'Mein alter Herr' (von Stein) 'pflegte dann wohl scherzend zu sagen: Ich müsse von irgend eine Hexe meinen Altem als ein Wechselbalg in's Nest gelegt seyn; ich gehöre offenbar einem Stamm amerikanischer wilden an, und habe noch die Hühnerhundnase zum Auswittern des verschiedenen Blutes.' Arndt, speaking of his power to detect at sight (when seen at a distance) Russians, English, etc., says that Von Stein replied thus in his surprise. But I have cited the passage as one which amply illustrates the suspensive form of sentence in the German always indicated by a colon (:), thus: 'zu sagen: Ich müsse'—to say that I must have been (p. 164).

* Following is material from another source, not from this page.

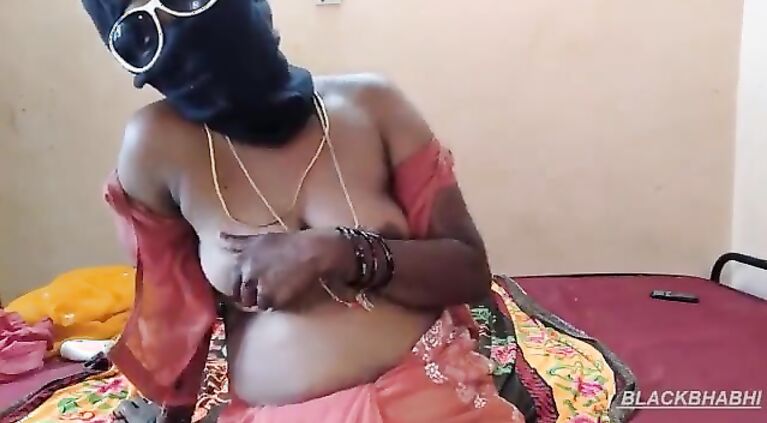neighbor aunt show vagina teenage boy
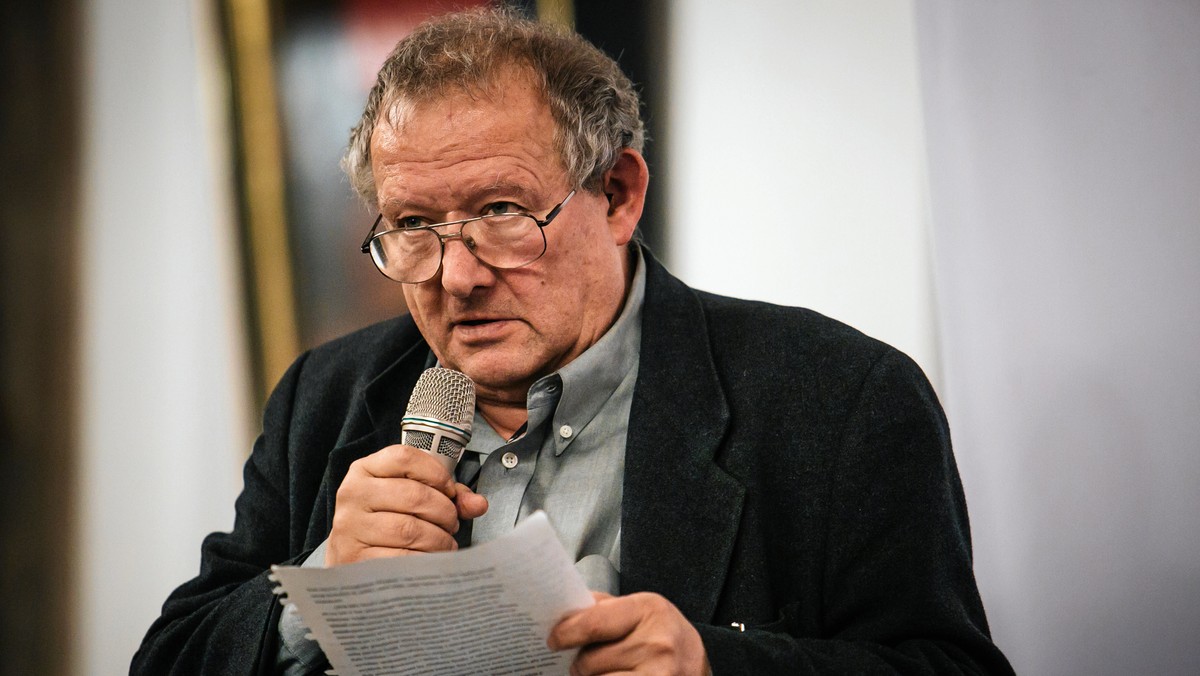 Adam Michnik ostrzega na łamach "Die Welt" przed prawicowym i lewicowym populizmem, zagrażającym pluralizmowi i praworządności. Wolne media są jego zdaniem ostatnim bastionem demokracji i konstytucyjnego ładu.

The active sense of fearful, viz., that which causes and communicates terror—not that which receives terror—was undoubtedly in Shakespeare's age, but especially amongst poets, the preponderant sense. Accordingly I am of opinion that even in neutral cases, such as are open indifferently to either sense, viz., that which affrights, or that which is itself affrighted, the bias in Shakespeare's interpretation of the feeling lay towards the former movement. For instance, in one of his sonnets:

'Oh, fearful meditation! where, alas!'

the true construction I believe to be—not this: Oh, though deriving terror from the circumstances surrounding thee, suffering terror from the entourage of considerations pursuing thee; but this: Oh, thought impressing and creating terror, etc. A 'fearful' agent in Shakespeare's use is not one that shrinks in alarm from the act, but an agent that causes others to shrink; not panic-struck, but panic-striking.

Miss Edgeworth, let me remark, commits trespasses on language that are really past excusing. In one place she says that a man 'had a contemptible opinion' of some other man's understanding. Such a blunder is not of that class which usage sanctions, and an accuracy not much short of pedantry would be argued in noticing: it is at once illiterate and vulgar in the very last degree. I mean that it is common amongst vulgar people, and them only. It ranks, for instance, with the common formula of 'I am agreeable, if you prefer it.'

Style is the disentangling of thoughts or ideas reciprocally involved in each other.

4.—Theological and Religious.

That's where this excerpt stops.